Data excerpts Block Start

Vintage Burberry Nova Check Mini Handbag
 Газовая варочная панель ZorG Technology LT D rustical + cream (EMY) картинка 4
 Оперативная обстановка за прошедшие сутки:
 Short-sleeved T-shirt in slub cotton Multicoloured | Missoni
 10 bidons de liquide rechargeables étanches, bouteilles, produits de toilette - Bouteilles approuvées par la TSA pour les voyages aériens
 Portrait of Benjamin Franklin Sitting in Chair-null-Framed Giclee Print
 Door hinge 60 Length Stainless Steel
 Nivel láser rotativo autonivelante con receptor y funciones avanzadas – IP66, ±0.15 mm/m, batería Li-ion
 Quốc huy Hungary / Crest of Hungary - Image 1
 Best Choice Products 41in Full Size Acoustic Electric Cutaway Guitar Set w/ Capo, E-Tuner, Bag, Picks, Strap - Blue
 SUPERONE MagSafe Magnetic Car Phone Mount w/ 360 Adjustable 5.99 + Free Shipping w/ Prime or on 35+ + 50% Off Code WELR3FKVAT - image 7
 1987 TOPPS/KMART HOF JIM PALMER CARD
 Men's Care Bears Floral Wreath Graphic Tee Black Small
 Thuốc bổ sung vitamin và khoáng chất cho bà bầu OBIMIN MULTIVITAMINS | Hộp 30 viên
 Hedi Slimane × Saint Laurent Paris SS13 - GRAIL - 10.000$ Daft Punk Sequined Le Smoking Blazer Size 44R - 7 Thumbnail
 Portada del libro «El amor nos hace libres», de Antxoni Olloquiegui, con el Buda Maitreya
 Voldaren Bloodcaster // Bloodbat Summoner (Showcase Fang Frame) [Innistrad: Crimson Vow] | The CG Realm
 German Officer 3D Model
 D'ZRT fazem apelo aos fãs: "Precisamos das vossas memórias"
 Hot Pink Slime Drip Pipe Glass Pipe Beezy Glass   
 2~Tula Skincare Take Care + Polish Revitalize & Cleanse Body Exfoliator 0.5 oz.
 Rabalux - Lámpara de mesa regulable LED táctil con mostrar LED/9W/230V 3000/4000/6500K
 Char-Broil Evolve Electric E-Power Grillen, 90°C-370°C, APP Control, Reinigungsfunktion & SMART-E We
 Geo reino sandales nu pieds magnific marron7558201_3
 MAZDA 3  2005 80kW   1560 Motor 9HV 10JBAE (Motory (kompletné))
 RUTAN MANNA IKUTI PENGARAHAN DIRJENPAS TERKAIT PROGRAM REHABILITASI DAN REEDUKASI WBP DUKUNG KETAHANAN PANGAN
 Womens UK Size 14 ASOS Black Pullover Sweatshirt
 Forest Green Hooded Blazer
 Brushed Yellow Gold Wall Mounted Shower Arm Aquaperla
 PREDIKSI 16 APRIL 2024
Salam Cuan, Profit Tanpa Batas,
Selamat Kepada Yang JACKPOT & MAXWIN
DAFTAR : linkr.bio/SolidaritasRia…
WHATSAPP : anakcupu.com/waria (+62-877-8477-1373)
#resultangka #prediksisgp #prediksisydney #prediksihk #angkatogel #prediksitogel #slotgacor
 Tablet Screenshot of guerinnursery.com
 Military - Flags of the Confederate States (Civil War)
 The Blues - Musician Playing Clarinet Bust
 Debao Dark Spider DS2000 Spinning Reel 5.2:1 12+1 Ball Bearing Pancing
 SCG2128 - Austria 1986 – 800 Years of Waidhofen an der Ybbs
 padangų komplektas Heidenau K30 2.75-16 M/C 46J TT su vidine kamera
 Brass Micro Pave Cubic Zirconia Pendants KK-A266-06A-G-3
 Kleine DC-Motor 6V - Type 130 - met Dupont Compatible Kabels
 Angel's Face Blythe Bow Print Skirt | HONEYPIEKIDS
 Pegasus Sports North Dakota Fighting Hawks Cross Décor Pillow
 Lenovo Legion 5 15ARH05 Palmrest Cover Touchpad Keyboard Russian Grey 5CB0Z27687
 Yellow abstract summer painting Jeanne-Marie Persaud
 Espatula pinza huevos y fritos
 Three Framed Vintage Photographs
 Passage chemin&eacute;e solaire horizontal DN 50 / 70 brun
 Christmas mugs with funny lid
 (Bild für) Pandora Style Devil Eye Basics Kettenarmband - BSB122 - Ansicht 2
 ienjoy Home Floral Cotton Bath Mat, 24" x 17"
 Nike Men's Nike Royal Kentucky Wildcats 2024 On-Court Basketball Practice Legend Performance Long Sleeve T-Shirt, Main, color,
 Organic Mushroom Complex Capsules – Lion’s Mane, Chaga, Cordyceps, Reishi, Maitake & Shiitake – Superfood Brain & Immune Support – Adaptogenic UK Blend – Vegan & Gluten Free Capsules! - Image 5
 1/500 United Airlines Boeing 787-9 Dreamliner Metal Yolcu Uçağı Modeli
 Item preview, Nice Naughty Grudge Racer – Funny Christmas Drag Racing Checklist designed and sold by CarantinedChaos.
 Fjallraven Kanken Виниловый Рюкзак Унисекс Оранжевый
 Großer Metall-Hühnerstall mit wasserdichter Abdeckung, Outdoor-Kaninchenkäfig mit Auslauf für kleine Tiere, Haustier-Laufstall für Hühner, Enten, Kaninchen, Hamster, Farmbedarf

Data excerpts Block End

- Description of the task -
Which lines run from the one holding "WHATSAPP : anakcupu.com/waria" through the one holding "1/500 United Airlines" in the records above? Repeat them exactly, both included, and nothing more.

- Result below -
WHATSAPP : anakcupu.com/waria (+62-877-8477-1373)
#resultangka #prediksisgp #prediksisydney #prediksihk #angkatogel #prediksitogel #slotgacor
 Tablet Screenshot of guerinnursery.com
 Military - Flags of the Confederate States (Civil War)
 The Blues - Musician Playing Clarinet Bust
 Debao Dark Spider DS2000 Spinning Reel 5.2:1 12+1 Ball Bearing Pancing
 SCG2128 - Austria 1986 – 800 Years of Waidhofen an der Ybbs
 padangų komplektas Heidenau K30 2.75-16 M/C 46J TT su vidine kamera
 Brass Micro Pave Cubic Zirconia Pendants KK-A266-06A-G-3
 Kleine DC-Motor 6V - Type 130 - met Dupont Compatible Kabels
 Angel's Face Blythe Bow Print Skirt | HONEYPIEKIDS
 Pegasus Sports North Dakota Fighting Hawks Cross Décor Pillow
 Lenovo Legion 5 15ARH05 Palmrest Cover Touchpad Keyboard Russian Grey 5CB0Z27687
 Yellow abstract summer painting Jeanne-Marie Persaud
 Espatula pinza huevos y fritos
 Three Framed Vintage Photographs
 Passage chemin&eacute;e solaire horizontal DN 50 / 70 brun
 Christmas mugs with funny lid
 (Bild für) Pandora Style Devil Eye Basics Kettenarmband - BSB122 - Ansicht 2
 ienjoy Home Floral Cotton Bath Mat, 24" x 17"
 Nike Men's Nike Royal Kentucky Wildcats 2024 On-Court Basketball Practice Legend Performance Long Sleeve T-Shirt, Main, color,
 Organic Mushroom Complex Capsules – Lion’s Mane, Chaga, Cordyceps, Reishi, Maitake & Shiitake – Superfood Brain & Immune Support – Adaptogenic UK Blend – Vegan & Gluten Free Capsules! - Image 5
 1/500 United Airlines Boeing 787-9 Dreamliner Metal Yolcu Uçağı Modeli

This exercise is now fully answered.